─── DATA SHOWN

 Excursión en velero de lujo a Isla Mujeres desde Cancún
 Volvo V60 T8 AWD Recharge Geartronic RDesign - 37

──────
─── DATA SHOWN

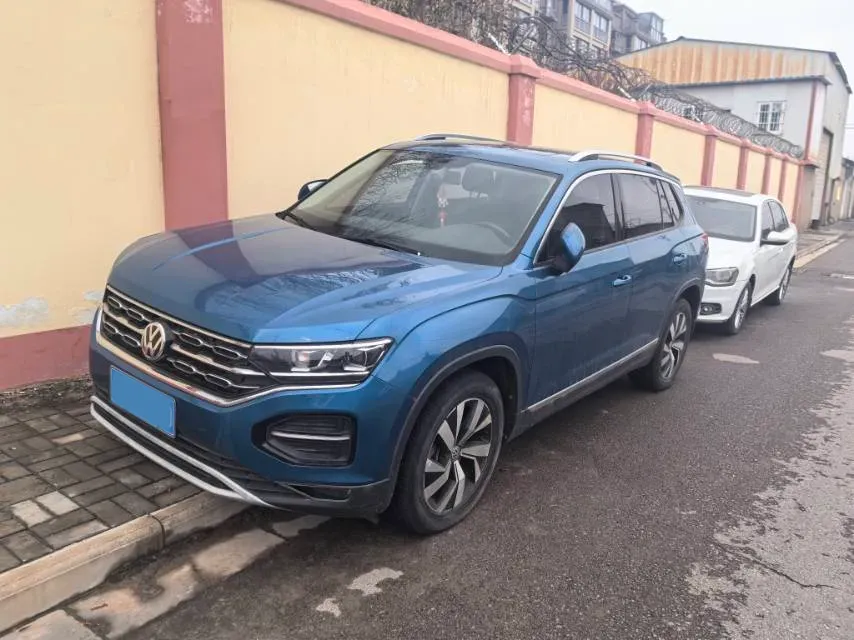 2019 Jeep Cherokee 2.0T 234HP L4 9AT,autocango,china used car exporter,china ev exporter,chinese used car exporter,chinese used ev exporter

──────
─── DATA SHOWN

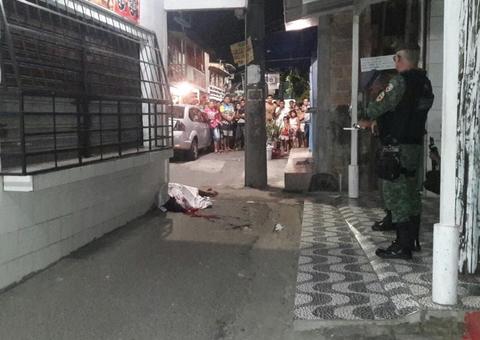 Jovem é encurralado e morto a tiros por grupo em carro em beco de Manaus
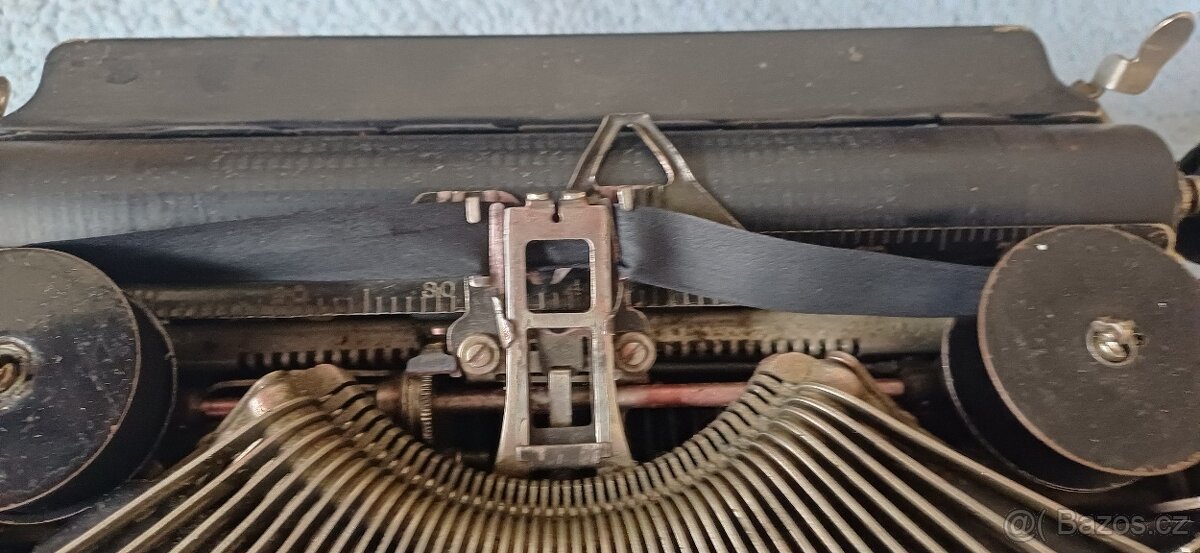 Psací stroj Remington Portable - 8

──────

> _WORK TASK_
Return a word-for-word copy of the lines above from the one holding "Excursión en velero" through the one holding "Volvo V60 T8", with both of them included and nothing besides.

> _SOLUTION TO THIS TASK_
 Excursión en velero de lujo a Isla Mujeres desde Cancún
 Volvo V60 T8 AWD Recharge Geartronic RDesign - 37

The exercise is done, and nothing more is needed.